## Exercise aim:
Keep the images out and set the listing below down word for word.

## Dataset content:
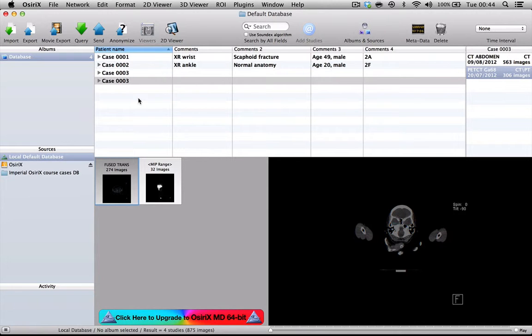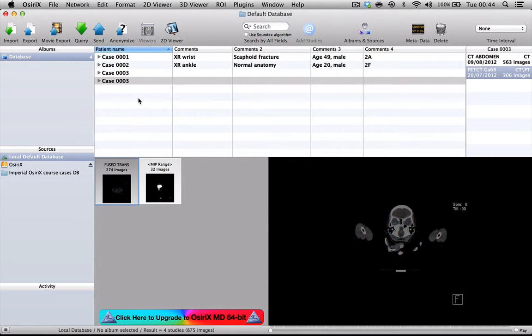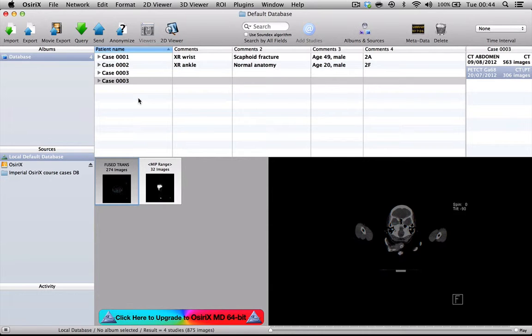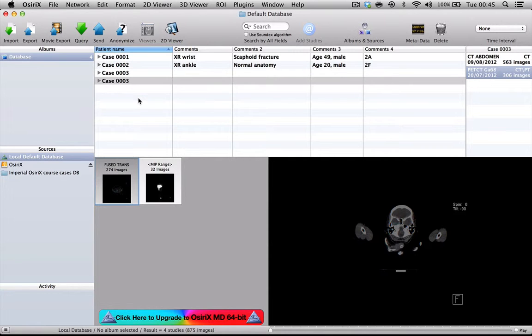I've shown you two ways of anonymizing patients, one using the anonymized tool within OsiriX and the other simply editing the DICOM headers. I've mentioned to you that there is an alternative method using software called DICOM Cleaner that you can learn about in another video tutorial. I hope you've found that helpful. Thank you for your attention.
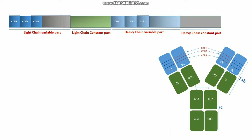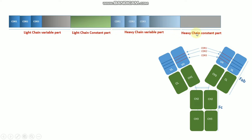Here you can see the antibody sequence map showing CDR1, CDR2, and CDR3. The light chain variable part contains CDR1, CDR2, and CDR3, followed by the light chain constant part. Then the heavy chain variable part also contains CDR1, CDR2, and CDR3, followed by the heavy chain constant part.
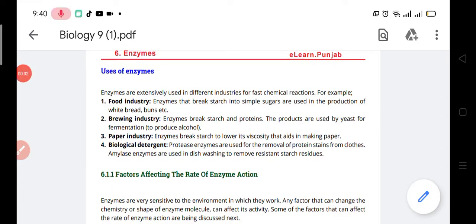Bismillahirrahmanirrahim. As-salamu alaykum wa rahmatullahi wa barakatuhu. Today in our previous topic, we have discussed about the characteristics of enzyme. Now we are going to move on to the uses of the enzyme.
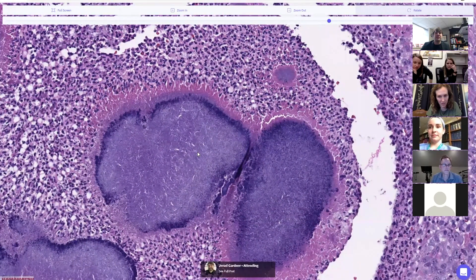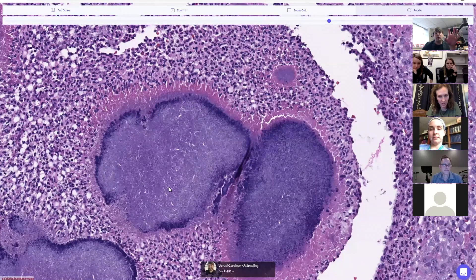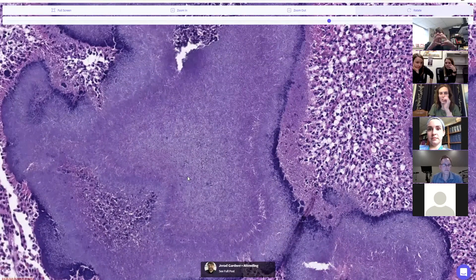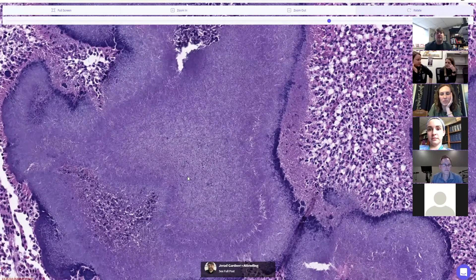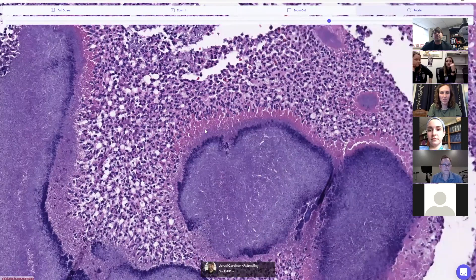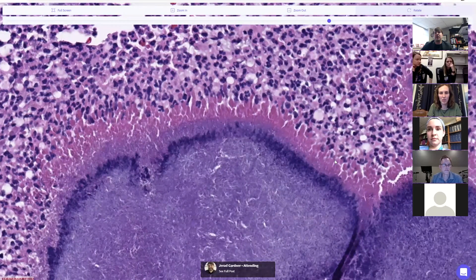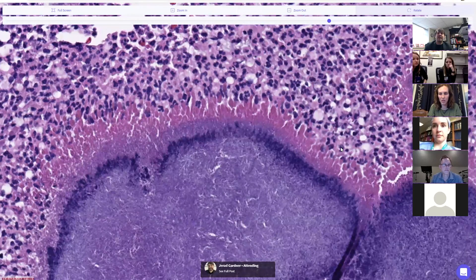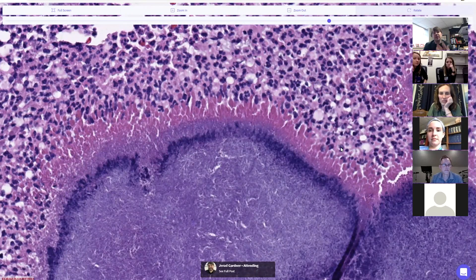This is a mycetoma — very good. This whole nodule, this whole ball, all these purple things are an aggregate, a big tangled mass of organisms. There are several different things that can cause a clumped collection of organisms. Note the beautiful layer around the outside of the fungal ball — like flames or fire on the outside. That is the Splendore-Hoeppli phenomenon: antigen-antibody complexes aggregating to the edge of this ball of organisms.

## Result of this task:
I've shown you two ways of anonymizing patients, one using the anonymized tool within OsiriX and the other simply editing the DICOM headers. I've mentioned to you that there is an alternative method using software called DICOM Cleaner that you can learn about in another video tutorial. I hope you've found that helpful. Thank you for your attention.
Here you can see the antibody sequence map showing CDR1, CDR2, and CDR3. The light chain variable part contains CDR1, CDR2, and CDR3, followed by the light chain constant part. Then the heavy chain variable part also contains CDR1, CDR2, and CDR3, followed by the heavy chain constant part.
Bismillahirrahmanirrahim. As-salamu alaykum wa rahmatullahi wa barakatuhu. Today in our previous topic, we have discussed about the characteristics of enzyme. Now we are going to move on to the uses of the enzyme.
This is a mycetoma — very good. This whole nodule, this whole ball, all these purple things are an aggregate, a big tangled mass of organisms. There are several different things that can cause a clumped collection of organisms. Note the beautiful layer around the outside of the fungal ball — like flames or fire on the outside. That is the Splendore-Hoeppli phenomenon: antigen-antibody complexes aggregating to the edge of this ball of organisms.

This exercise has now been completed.